■ **Dataset content**
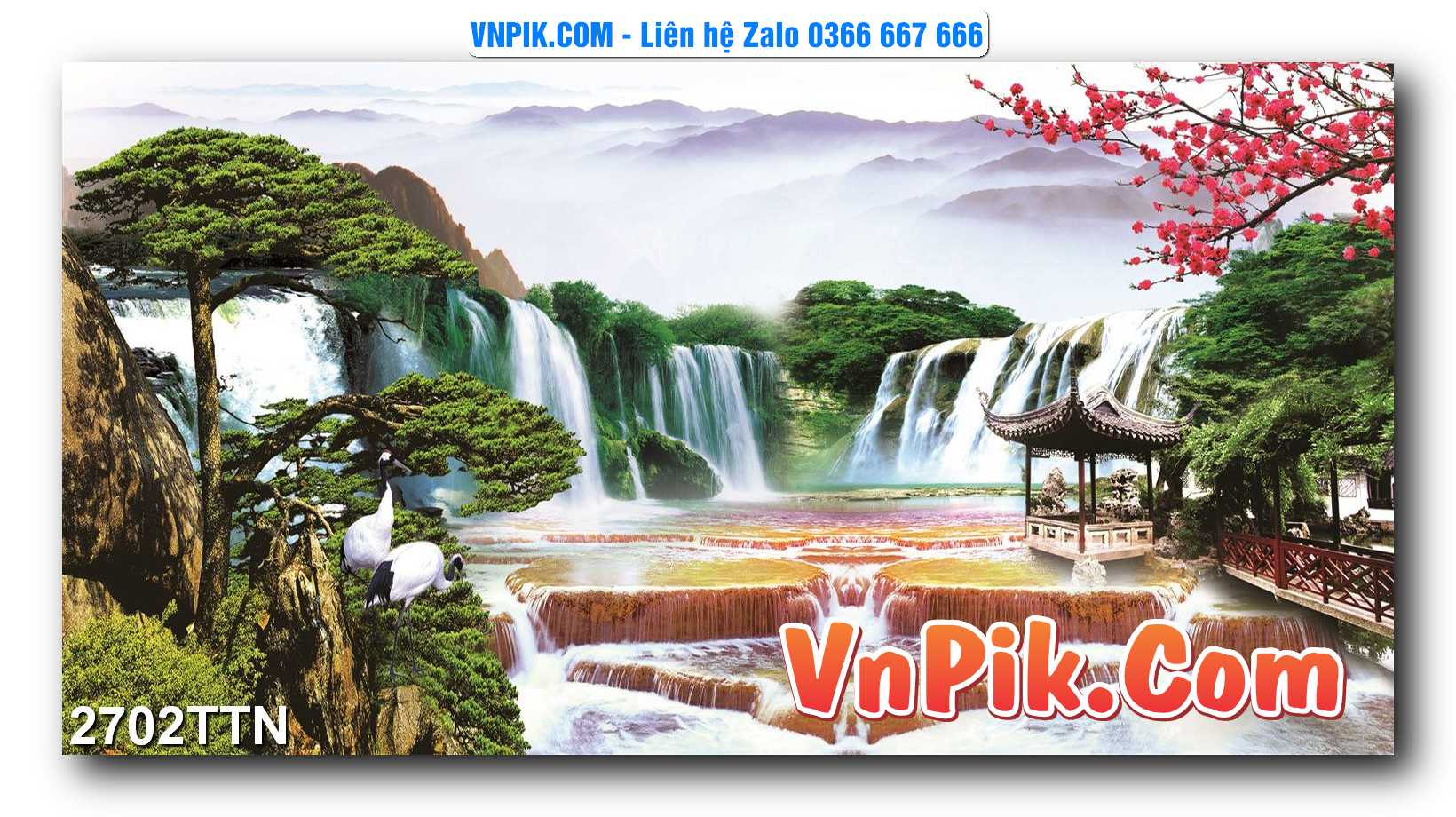 Tranh thác nước – Tranh phong thủy – Tranh treo tường mã 2702TTN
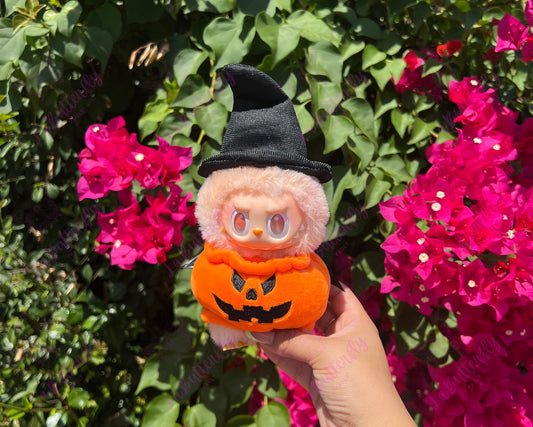 Pumpkin Labubu Costume with Black Hat (Doll Not Included)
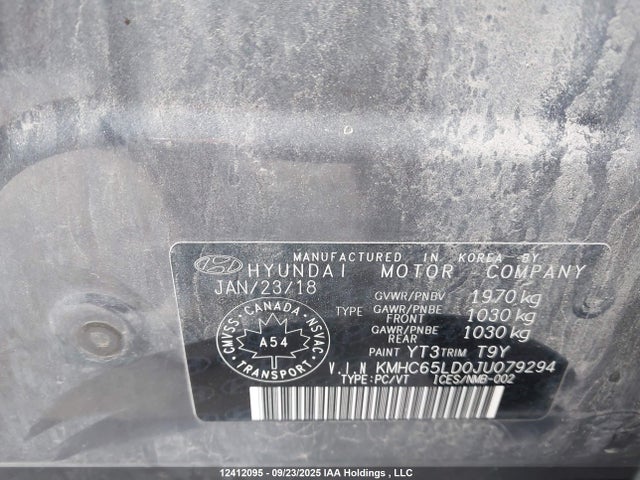 Hyundai Ioniq 2018 KMHC65LD0JU079294 Image 9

■ **Exercise**
Only the lines from the one containing "Pumpkin Labubu Costume" through the last line of the data belong in the copy, both included and reproduced exactly. Pictures do not.

■ **Answer to the exercise**
 Pumpkin Labubu Costume with Black Hat (Doll Not Included)
 Hyundai Ioniq 2018 KMHC65LD0JU079294 Image 9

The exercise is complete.